MAURICE ROLLINAT ET LA POÉSIE VOLCANIQUE
(Conférence de Régis Crosnier illustrée de peintures à la cire de Catherine Réault-Crosnier, lue à quatre voix avec des poèmes mis en musique par Michel Caçao, à la médiathèque de Châteauroux le 8 mars 2025, dans le cadre du Printemps des Poètes.)
La poésie volcanique est une expression métaphorique difficile à cerner. Elle peut évoquer l’explosion notamment des passions, des émotions… Elle peut évoquer des transformations à l’instar d’une coulée de lave qui modifie le paysage. Elle peut aussi évoquer des dangers.
Chez Maurice Rollinat, certains de ses aspects peuvent se retrouver dans sa poésie. Il a été un observateur de la société de son époque. Dans sa jeunesse, il a beaucoup décrit la nature. Sa période parisienne a surtout été influencée par Edgar Poe et Charles Baudelaire. Quand il s’est installé à Fresselines, il a d’abord réfléchi sur les comportements humains, puis c’est la nature et la vie à la campagne qui l’ont principalement inspiré.

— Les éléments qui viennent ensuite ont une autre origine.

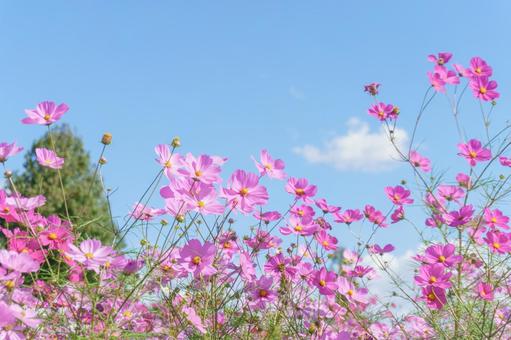 ピンクのコスモスと秋の青空 ピンクのコスモスと秋の青空 コスモス,青空,花の写真素材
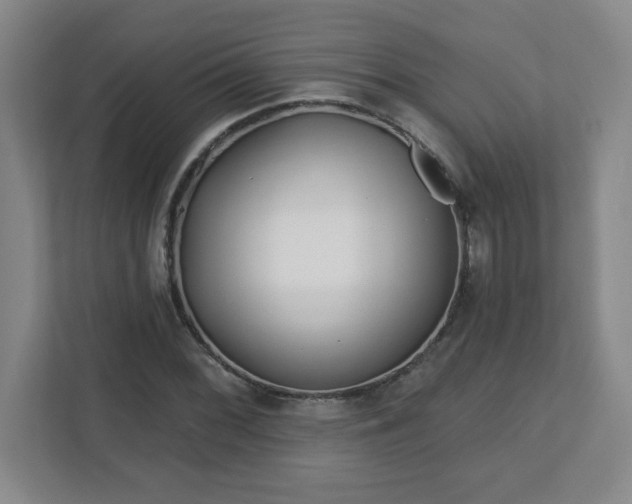 X0000113121068200909041301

Il est difficile de parler de poésie volcanique par rapport à ses écrits de jeunesse. Néanmoins, il a composé une épopée « La sarabande infernale » qui peut entrer dans cette catégorie. Dans ce poème écrit d’un seul tenant, avec des vers longs, alexandrins, alternant avec d’autres plus courts, octosyllabes, pour opposer les rythmes en même temps que les idées et nous faire entrer dans une danse diabolique. Tout est frisson, épouvante, hurlements, gémissements, grouillements, ténèbres. La nature est déchaînée. L’angoisse va crescendo ; elle est de plus en plus pesante. Le final nous étonne car il s’oppose aux vers précédents : l’homme enfin, en dernier recours, a « invoqué le bon Dieu » et la paix est revenue.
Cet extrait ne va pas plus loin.